**AIM OF THE EXERCISE**
Without the images, reproduce every entry exactly.

**MATERIAL FOR THIS EXERCISE**
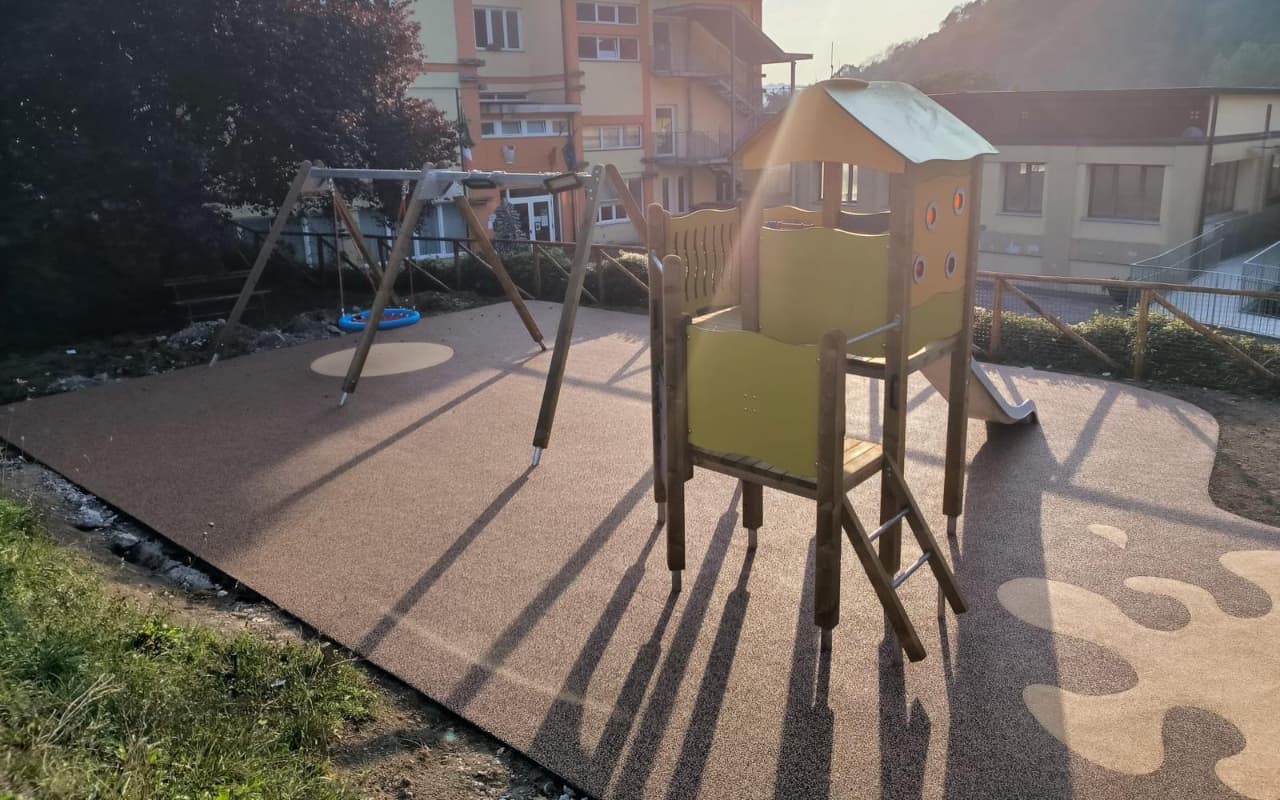 Parco giochi - Casola in Lunigiana - image 3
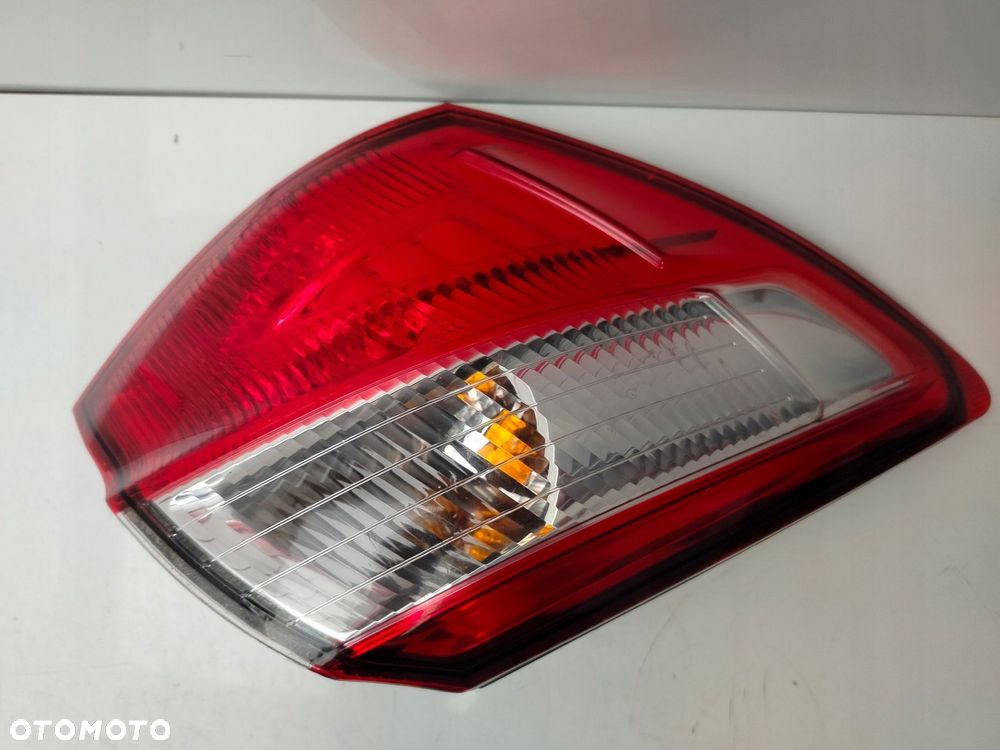 nissan qashqai j10 lift 09r- lampa lewy tył lewa tylna - 5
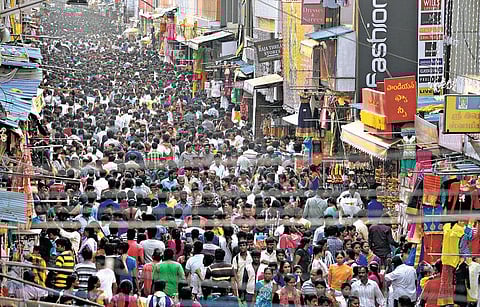 தி.நகர், புரசை, வண்ணையில் களைகட்டும் தீபாவளி விற்பனை﻿: பலத்த பாதுகாப்பு ஏற்பாடுகள்; சிசிடிவி மூலம் தீவிர கண்காணிப்பு﻿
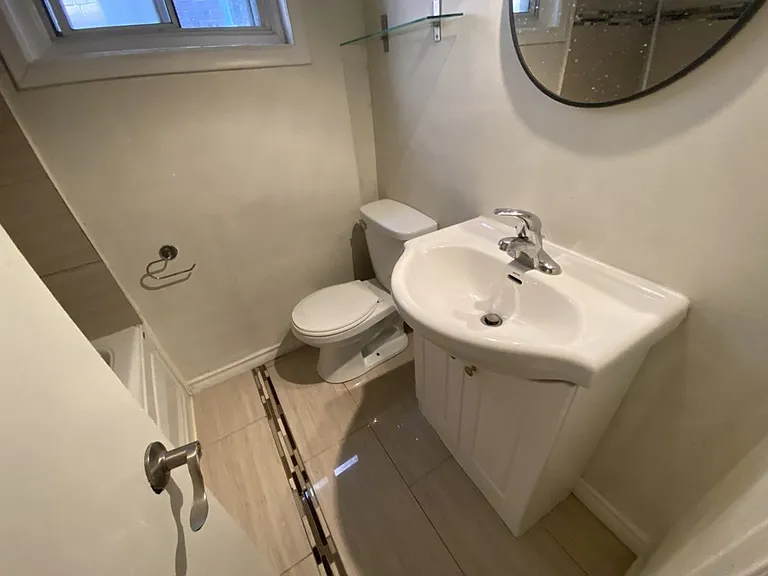 76 Eastwood Rd #X — Photo 43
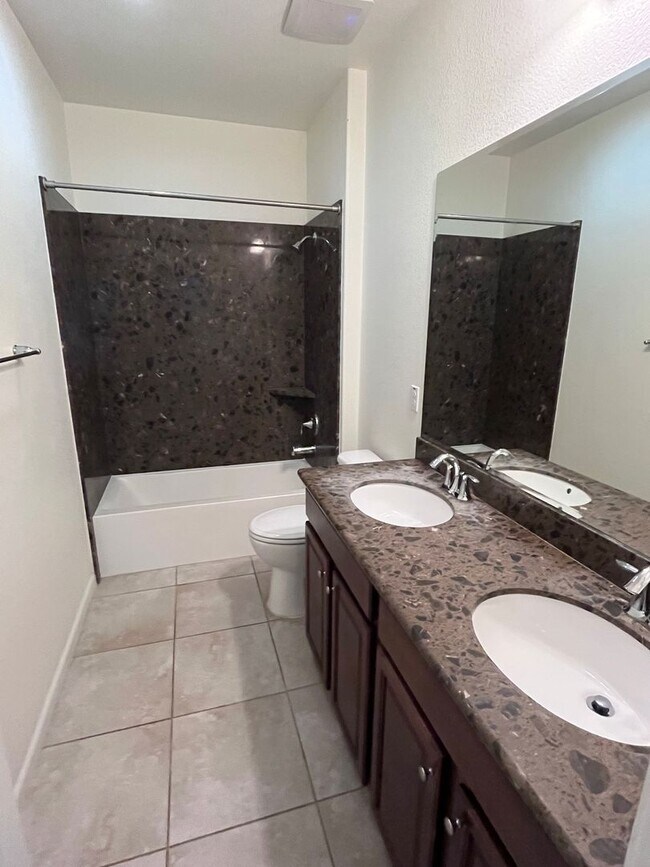 Building Photo - BEAUTIFUL FOUR BEDROOM HOME IN WESTPARK!!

**RESPONSE TO THIS TASK**
 Parco giochi - Casola in Lunigiana - image 3
 nissan qashqai j10 lift 09r- lampa lewy tył lewa tylna - 5
 தி.நகர், புரசை, வண்ணையில் களைகட்டும் தீபாவளி விற்பனை﻿: பலத்த பாதுகாப்பு ஏற்பாடுகள்; சிசிடிவி மூலம் தீவிர கண்காணிப்பு﻿
 76 Eastwood Rd #X — Photo 43
 Building Photo - BEAUTIFUL FOUR BEDROOM HOME IN WESTPARK!!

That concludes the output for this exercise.